ジュリーにはプレストン(ヘンリー・フォンダ)という婚約者があり、物語はジュリーとプレストンの愛憎劇となっている。
パーティーに着ていくドレスを一緒に選ぶ約束をしていたが、プレストンは銀行の仕事を優先し、ジュリーは彼を困らせるように真っ赤なドレスを選んだ。結婚前の女性のドレスは「白」が常識だという周囲の忠告も無視し、プレストンが着替えるように言うのも聞かなかった。ジュリーにしてみればほんの悪戯心だったようだが、会場での紳士淑女たちの反応は予想以上に冷たく、皆がダンスを止めてジュリーとプレストンを遠巻きに見ているのだった。流石のジュリーも踊るのをやめようとしたが、今度はプレストンが許さない。ジュリーは顰蹙の視線を浴びつつ踊った。そして、その夜にジュリーを家まで送り届けた後、彼はジュリーの前には二度と現れず北部に行ってしまう。

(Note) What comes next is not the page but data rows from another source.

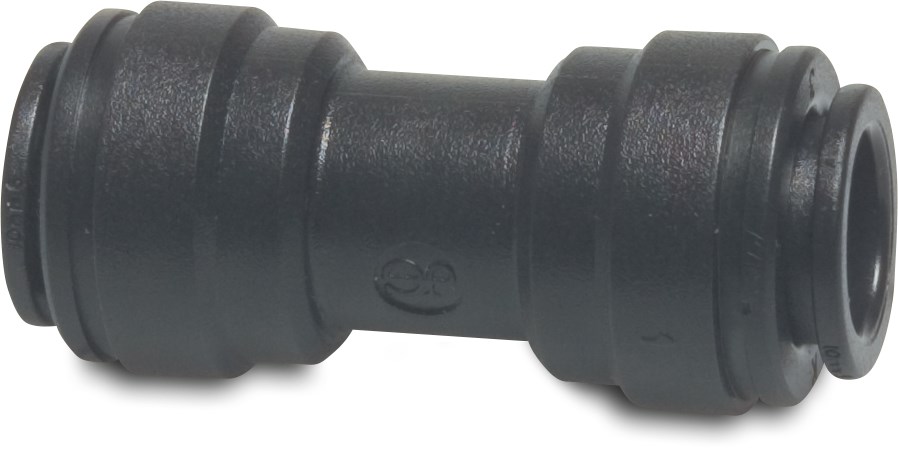Speedfit Koppeling POM 6 mm insteek 10bar zwart type Super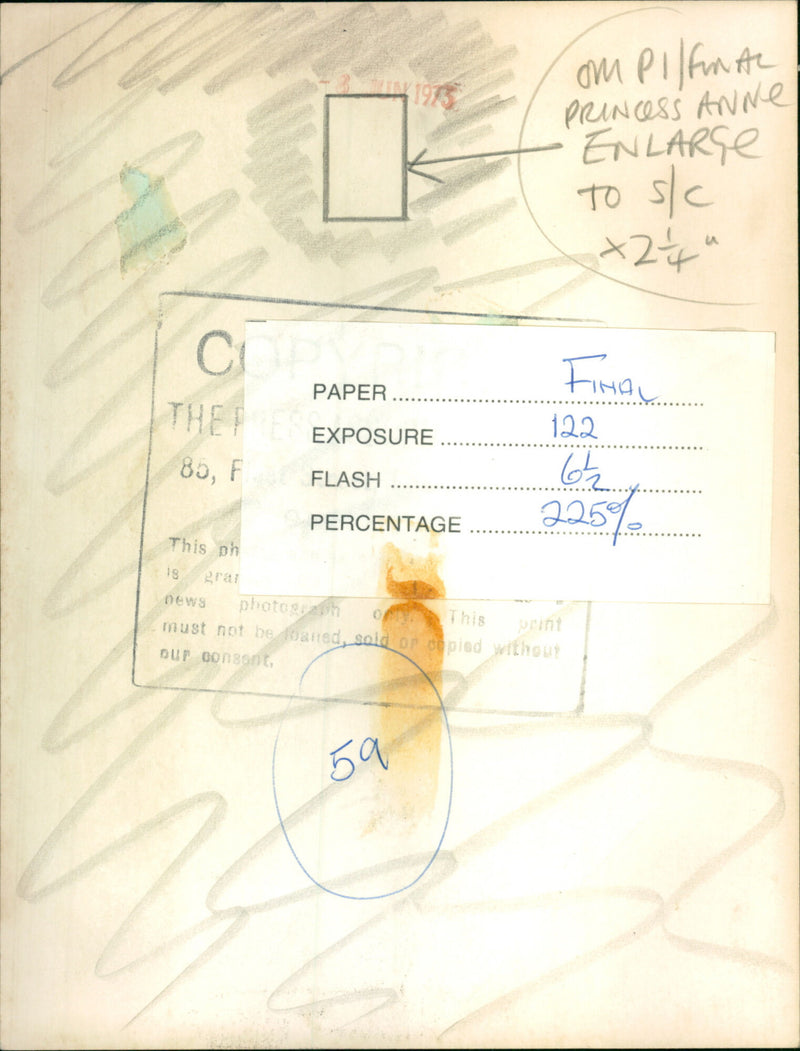 Princess Anne of England - Vintage Photograph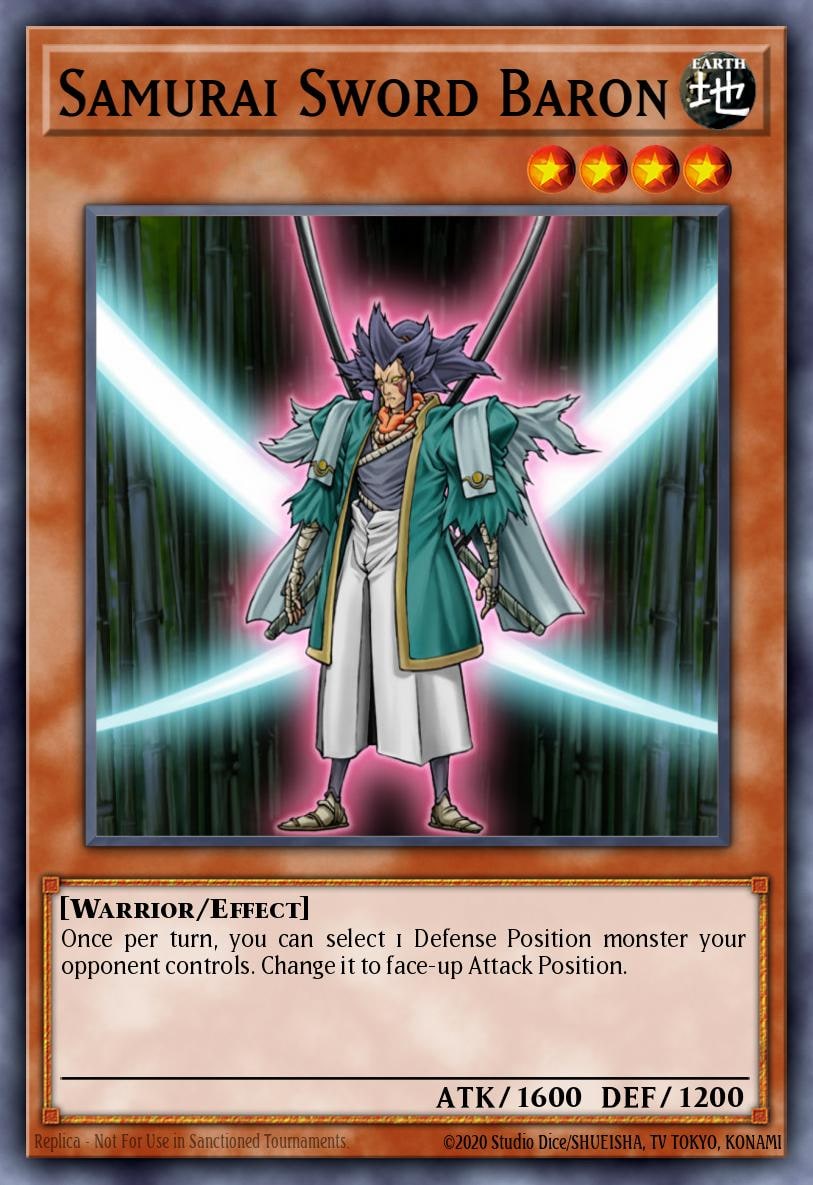 Samurai Sword Baron, Yu-Gi-Oh! Video Game Promotional Cards WC10-EN001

その一年後に帰って来た時、彼はエミイ(マーガレット・リンゼイ)という妻を連れていたのだった。
ざっと本作の顛末のきっかけ部分を書いたつもりだけれど、ジュリーの失恋と嫉妬、黄熱病の流行や当時のピストルによる決闘という習慣、恋の鞘当てなどを絡めて、ドロドロした愛憎劇が進んで行く。

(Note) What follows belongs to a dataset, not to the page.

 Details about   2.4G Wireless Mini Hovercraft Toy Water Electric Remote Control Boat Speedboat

プレストンの焼きもちを誘うためにバック(ジョージ・ブレント)を利用したジュリーの策略はすべて裏目に出て、不幸な結果を招いてしまう。こうなる前にジュリーの後見人の叔父が言った言葉は「この原因はすべて君にあることを忘れるな。」だった。そして叔母のベル(フェイ・ベインタ―)は、こう言った。「女性が原因の喧嘩は誰も止められない。」
ベルは後にこうも言った。「ジェゼベルのことを考えていたの。聖書に出てくる毒婦よ。」
ジュリーの言動を見ていると(正直な気持ち)イラっとする。ひとの気持ちを試したり唆してみたり、自分の思惑と違う方向に物事が進みそうになると慌てて説得しようとするけれど、「時、すでに遅し」なのだ。
おまけにプレストンまでもが黄熱病に倒れ、彼の看病や隔離で、今度はジュリーとエミイとが対峙することになる。この瀬戸際に来て、ジュリーはエミイに敗北を認めるのであるが、あのラストはドラマチックではあるけれど、私には納得がいかない部分だった。叶わぬ恋を認めながらも、病人たちと共に隔離の島送りに付き添うジュリーの毅然たる態度は、ベティ・デイヴィスの演技力の見せどころ(魅せどころ)なのだろう。私には、自らの手で自身の運命を台無しにした愚かな女性としか思えなかったけれど、それさえもデイヴィスの表現力の巧みさなのかも。
本作で、ベティ・デイヴィスはアカデミー主演女優賞を受賞。フェイ・ベインダーが助演女優賞を受賞している。2009年にはアメリカ国立フィルム登録簿に登録された。
私が魅了されたデイヴィスの美しさは、逆光気味のモノクロの陰影が深いシーンにおいて最も発揮されていた。身長185cmのヘンリー・フォンダに対して160cmと小柄なデイヴィスが向き合う時でも、彼女の存在感は負けてはいなかった。